▸ **Task directions**
Could you return all of the entries below exactly, minus the pictures?

- - -

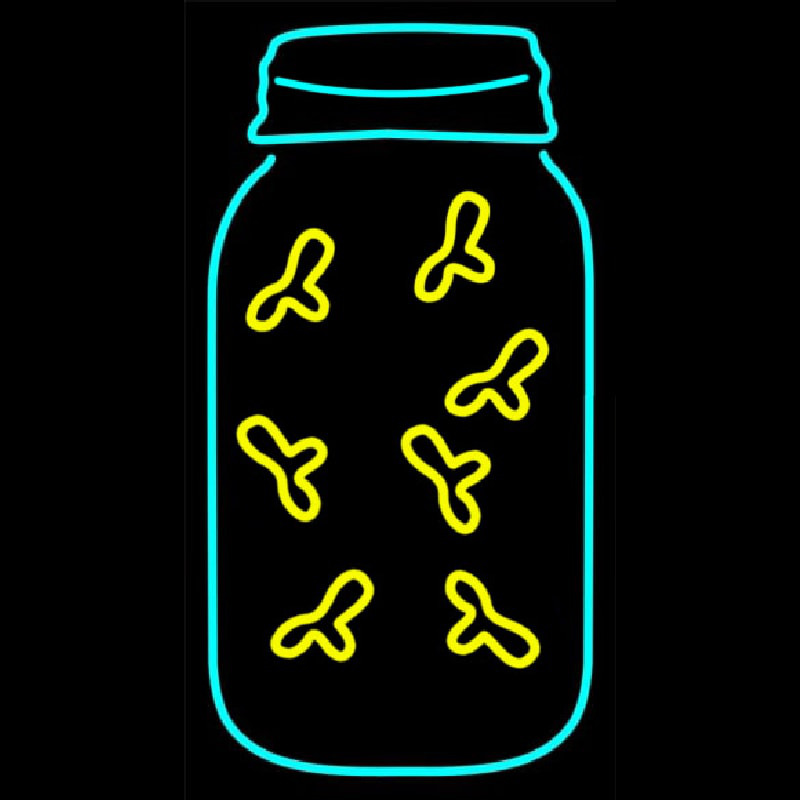 Fireflies In A Jar Enseigne Néon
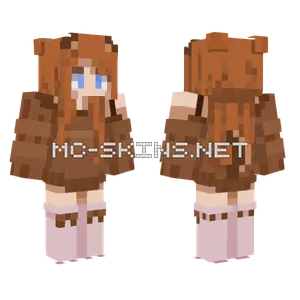 Puppy Girl Me Frfr Minecraft skin
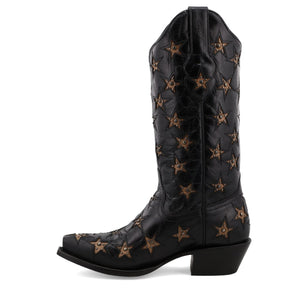 BLACK STAR Boots Black Star Women's Marfa Black Boots WBSN012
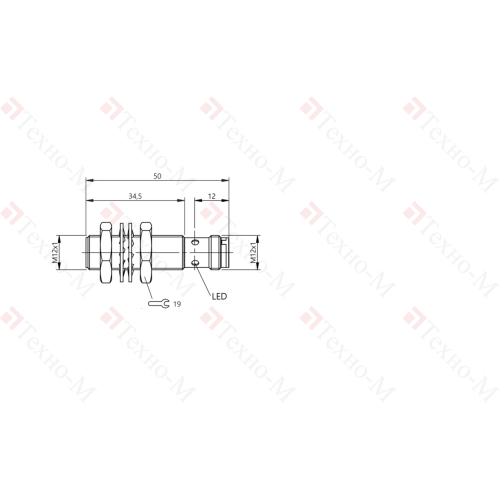 Индуктивный датчик Balluff BES M12ME-PSC40A-S04G-W08
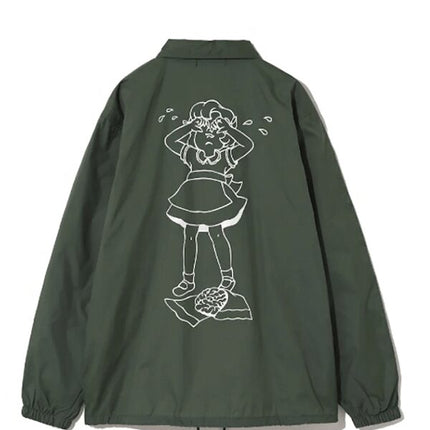 Undercover x Verdy Girls Don't Cry Coach Jacket Green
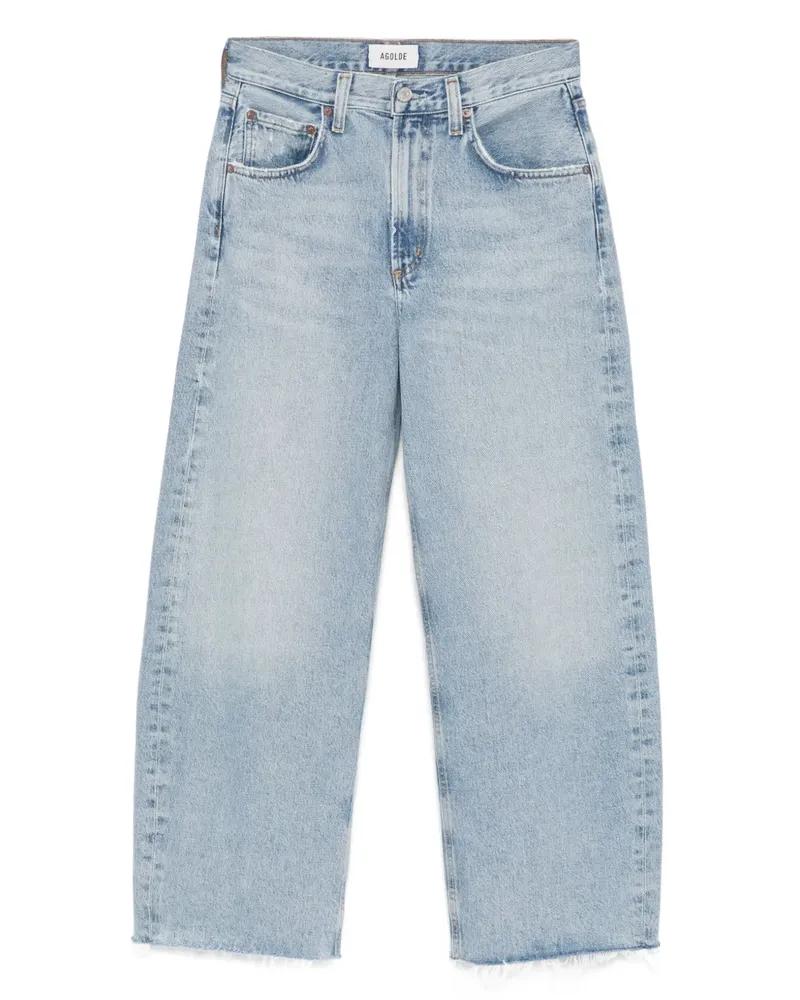 AGOLDE Ausgefranste Low Curve Jeans - Blau Blau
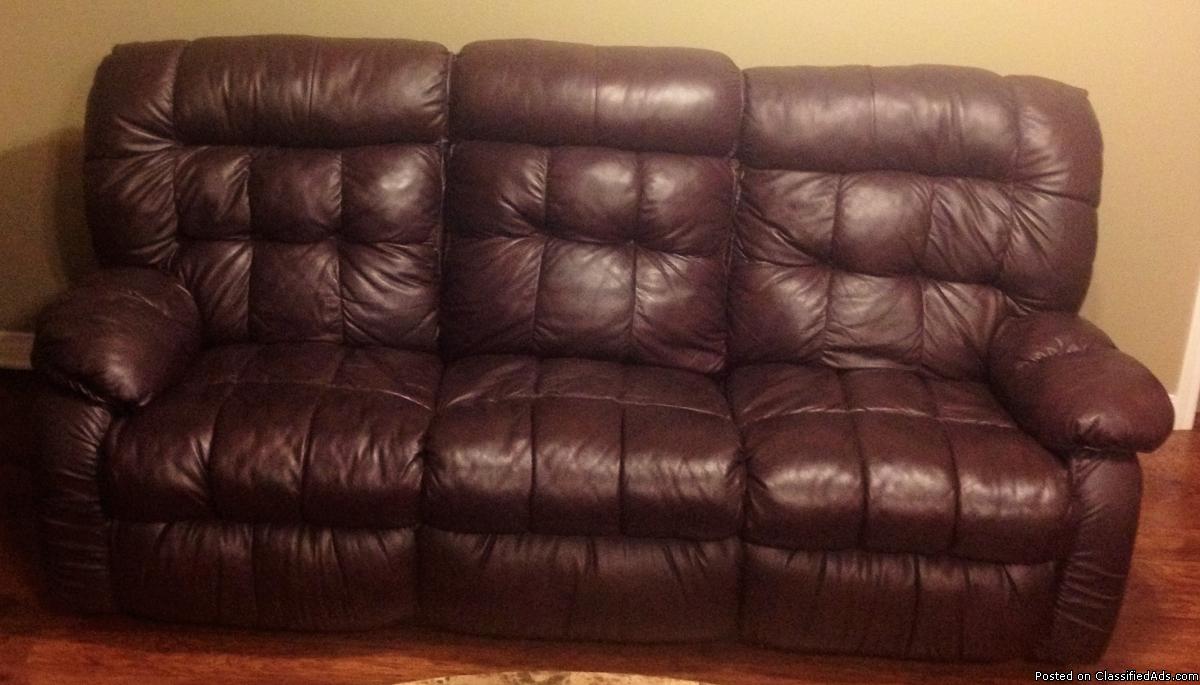 Leather sofa, 0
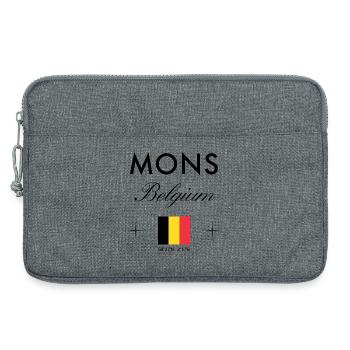 Mons Belgium Coordine le souvenir de voyage - Sacoche pour ordinateur portable 13 pouces - gris chiné - Devant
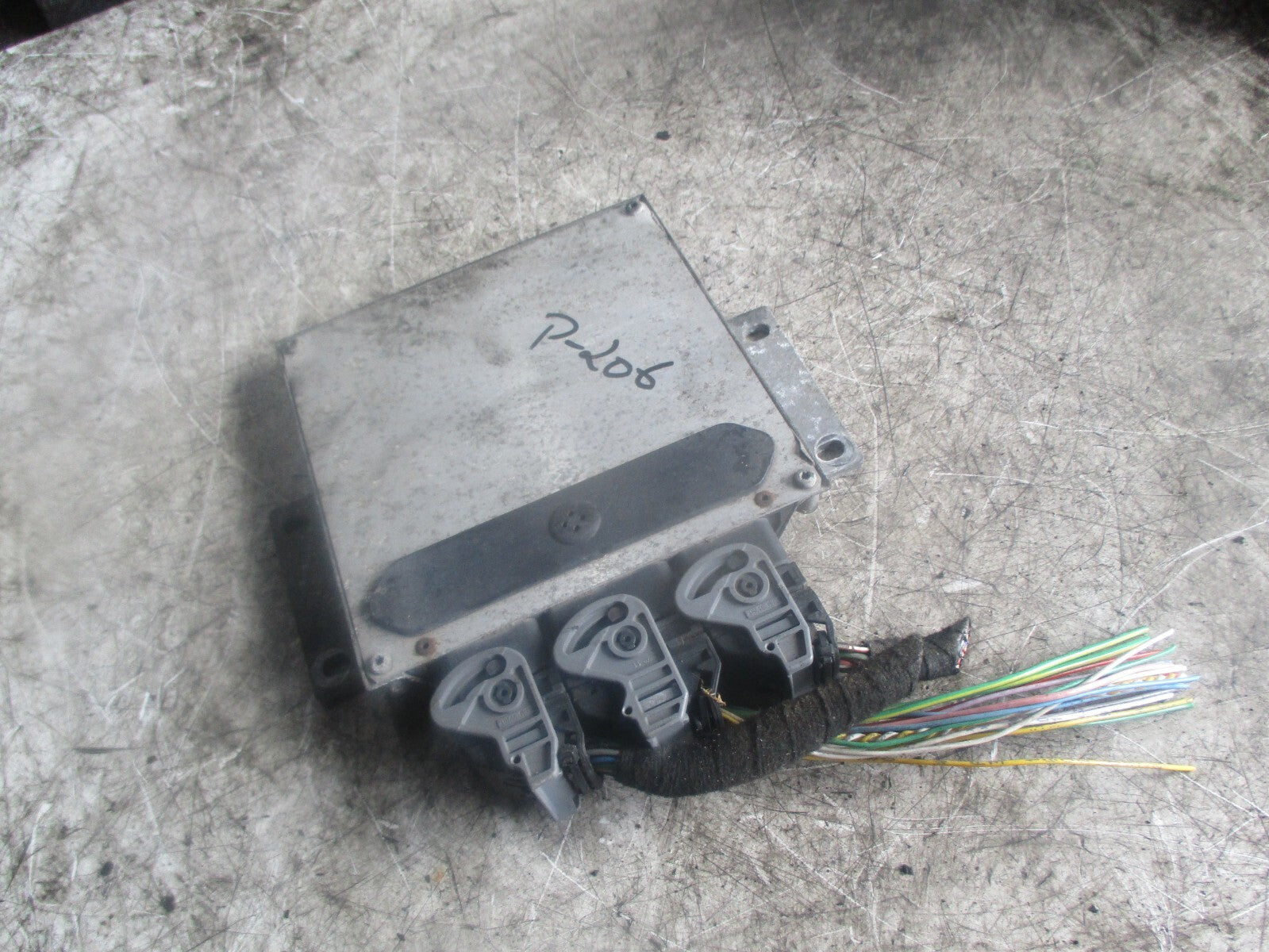 PEUGEOT 206 2002 1.1 PETROL ECU ENGINE CONTROL MODULE 9644925780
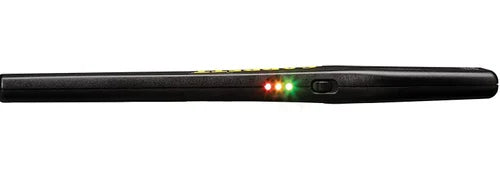 Garrett SuperWand Hand Held Metal Detector 1165800 with Adjustable Sensitivity, 7.8 kHz Frequency, 12-Inch Maximum Detection Depth, Waterproof Multi-Tone Audio Alerts for Treasure Hunting, Security & Industrial Applications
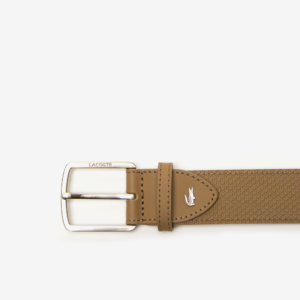 That Lung Lacoste Engraved Buckle Textured 'Beige' RC4005M53G-L32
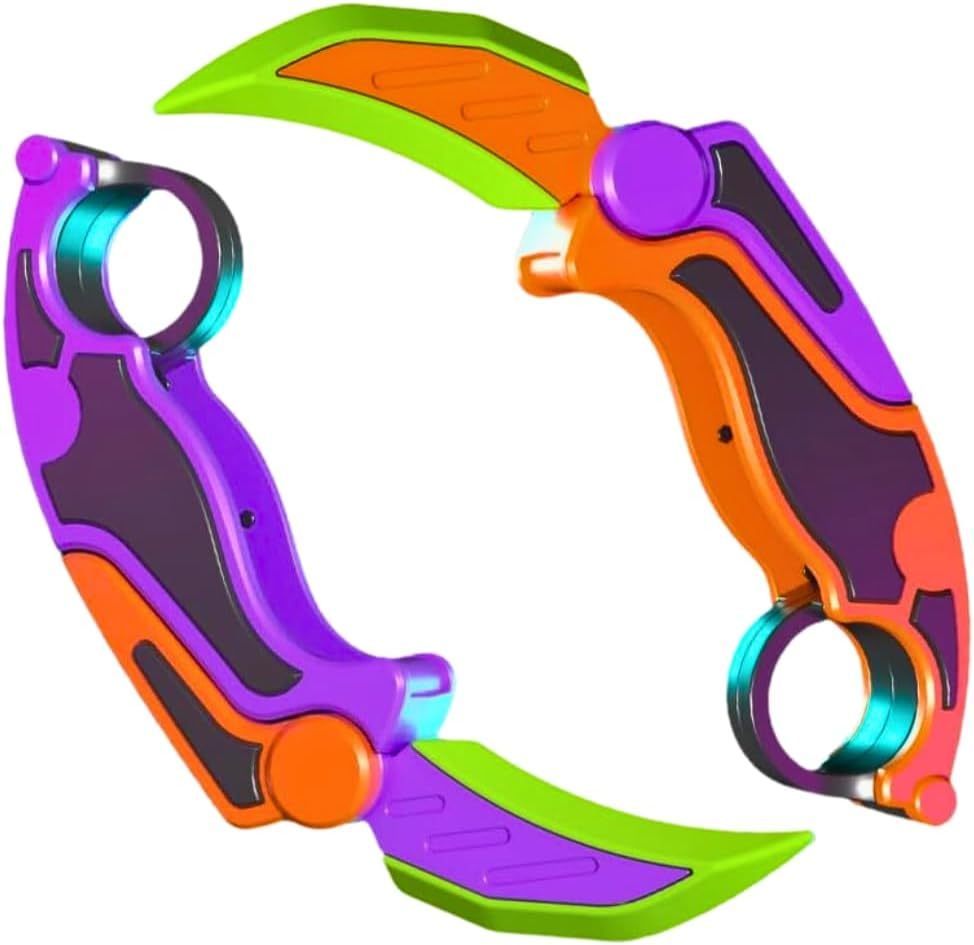 Fidget Knife (2), 3D Printed Gravity Claw Knife, Fidget Knife Toy, Claw Knife Trainer with Rubber Tip, Plastic Fidget Knife image number 2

- - -

▸ **Expected output**
 Fireflies In A Jar Enseigne Néon
 Puppy Girl Me Frfr Minecraft skin
 BLACK STAR Boots Black Star Women's Marfa Black Boots WBSN012
 Индуктивный датчик Balluff BES M12ME-PSC40A-S04G-W08
 Undercover x Verdy Girls Don't Cry Coach Jacket Green
 AGOLDE Ausgefranste Low Curve Jeans - Blau Blau
 Leather sofa, 0
 Mons Belgium Coordine le souvenir de voyage - Sacoche pour ordinateur portable 13 pouces - gris chiné - Devant
 PEUGEOT 206 2002 1.1 PETROL ECU ENGINE CONTROL MODULE 9644925780
 Garrett SuperWand Hand Held Metal Detector 1165800 with Adjustable Sensitivity, 7.8 kHz Frequency, 12-Inch Maximum Detection Depth, Waterproof Multi-Tone Audio Alerts for Treasure Hunting, Security & Industrial Applications
 That Lung Lacoste Engraved Buckle Textured 'Beige' RC4005M53G-L32
 Fidget Knife (2), 3D Printed Gravity Claw Knife, Fidget Knife Toy, Claw Knife Trainer with Rubber Tip, Plastic Fidget Knife image number 2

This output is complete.